1. Field of the Invention
The present invention relates to a method of manufacturing a semiconductor device, and more particularly to a method of manufacturing a semiconductor device which comprises a capacitor.
2. Description of the Related Art
Since semiconductor devices, such as DRAMs (Dynamic Random Access Memory), has been in a trend of high integration, also a capacitor structure has been formed into a 3D form and having a large thickness in order to realize a sufficiently large capacitance within a limited space.
FIGS. 10(a)-10(d) are cross sectional views sequentially showing an essential portion of steps of a method of manufacturing a conventional semiconductor device having a stacked type capacitor.
As shown in FIG. 10(a), an interlayer insulating film 9 in the form of a silicon oxide film is deposited on the overall surface of a silicon substrate 1.
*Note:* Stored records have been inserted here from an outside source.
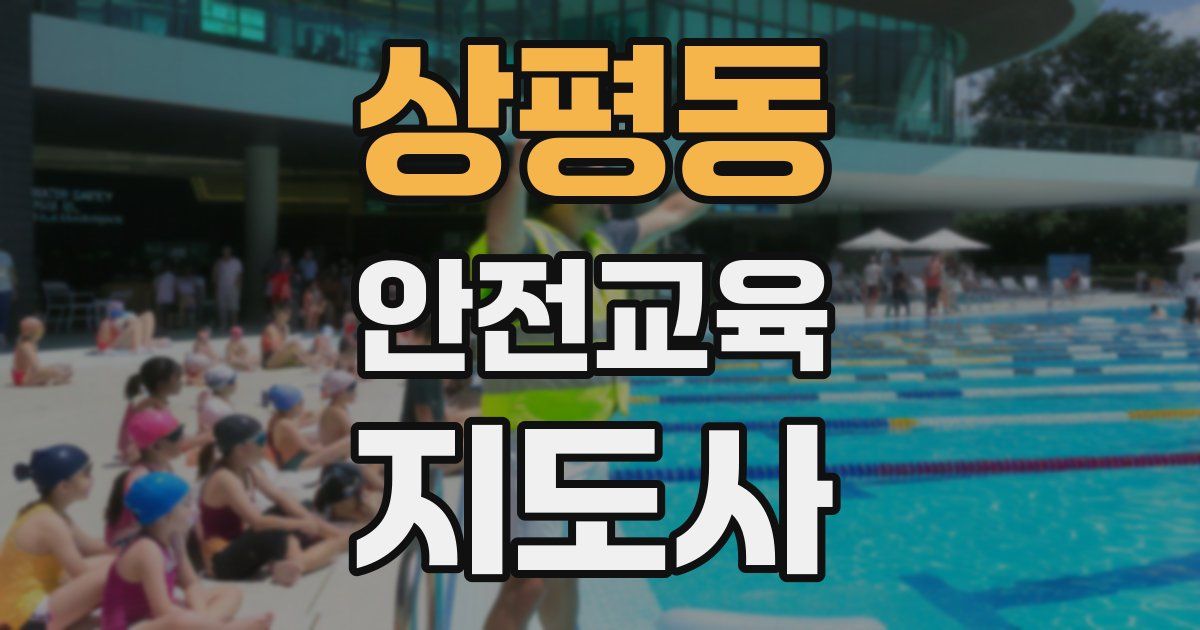 상평동 안전교육지도사 자격증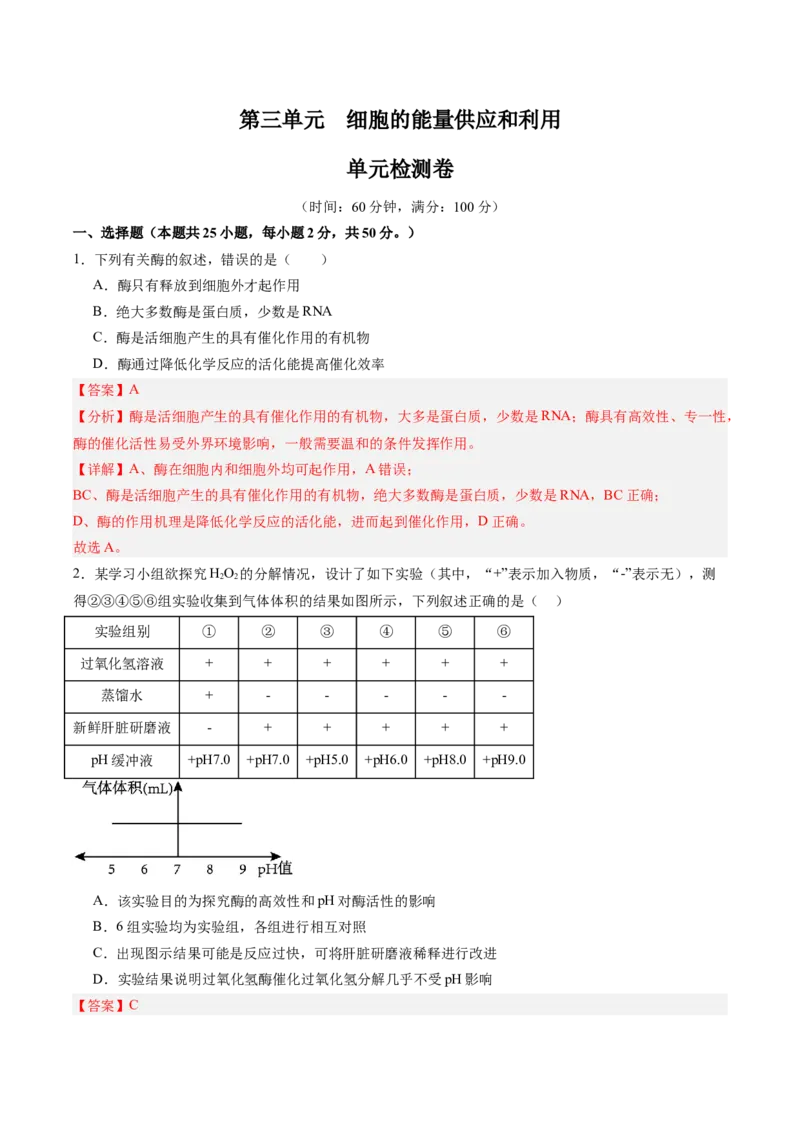 单元检测卷03细胞的能量供应和利用（解析版）_2025年新高考资料_一轮复习_2025年高考生物一轮复习考点通关卷（新高考通用）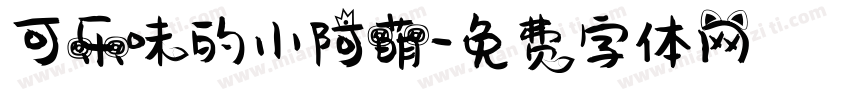 可乐味的小阿萌字体转换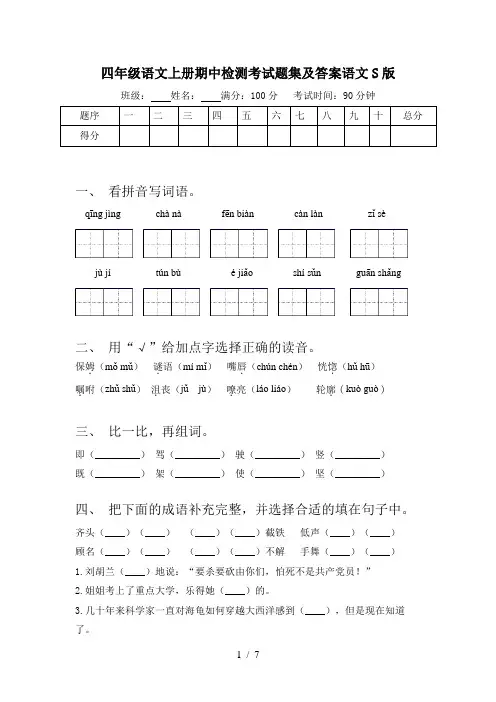 四年级语文上册期中检测考试题集及答案语文S版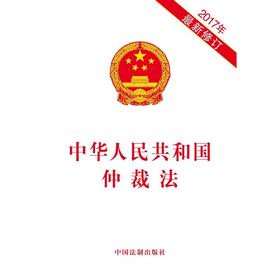 中华人民共和国仲裁法（2017年最新修订）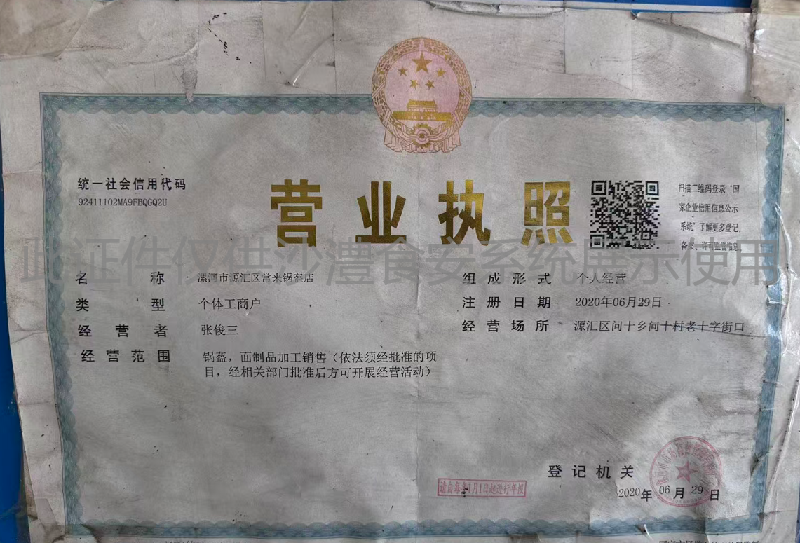 营业执照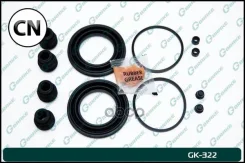 ����������� �������� Gbrake GK322 GK322 ����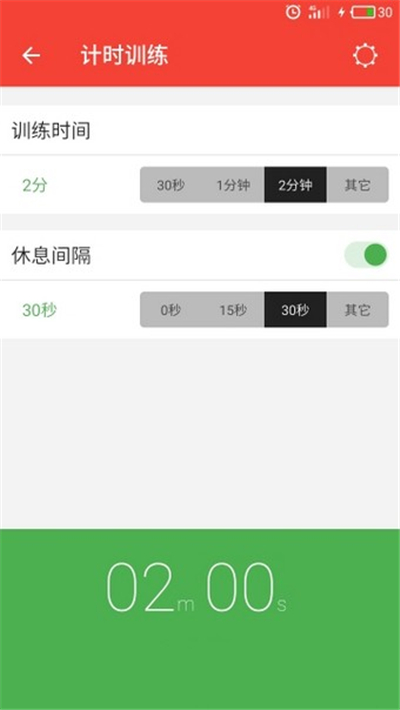 小白健身正能量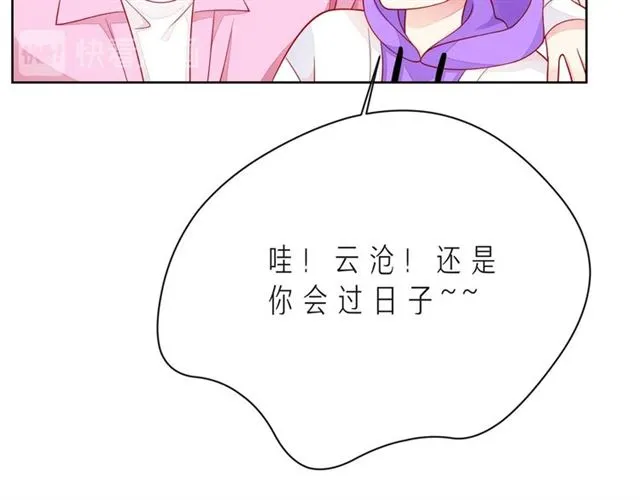 第41话 欺骗的深渊 第133页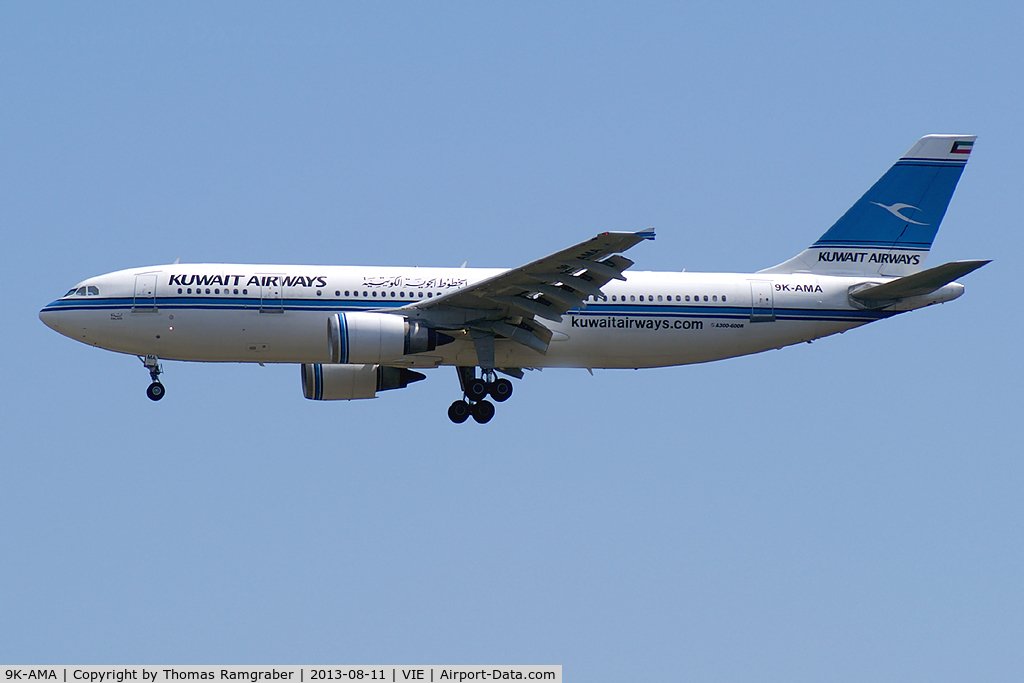 9K-AMA, 1993 Airbus A300B4-605R C/N 673, Kuwait Airways Airbus A300-600
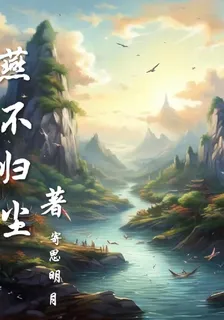 燕不歸塵 封面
Then, a usual photolithography technique and a usual reactive type ion etching technique are used to form, on the interlayer insulating film 9, a contact hole 9a which reaches the substrate 1.
Then, as shown in FIG. 10(b), polysilicon 15 is deposited on the interlayer insulating film 9 including the inside portion of the contact hole 9a.
After the polysilicon has been deposited, a resist is applied to the overall surface.
Then, a photomask different from that used when the contact hole 9a has been formed is used to perform a photolithography process so as to form the resist into a required shape. Thus, a mask 16 is formed.
Then, as shown in FIG. 10(c), a dry etching process is performed by using the resist mask 16 to form the polysilicon 15. Thus, a storage node (a lower electrode) 10 is formed.
Then, as shown in FIG. 10(d), a dielectric film 11 is formed on the surface of the storage node 10 by, for example, a CVD method. Then, for example, the CVD method is used to grow a polycrystal silicon film. Thus, a cell plate (an upper electrode) 12 is formed so that a stacked type capacitor 13 is formed. As a result, a method of manufacturing a semiconductor device is obtained.
However, the conventional method having the step of forming the contact hole 9a and the storage node 10 by using the individual mask patterns has a difficulty in stacking the contact hole 9a and the storage node 10 with a required accuracy because the structure has been fined considerably.
Since the capacitor 13 has the structure having a large thickness, a process in the direction of the depth cannot easily be performed.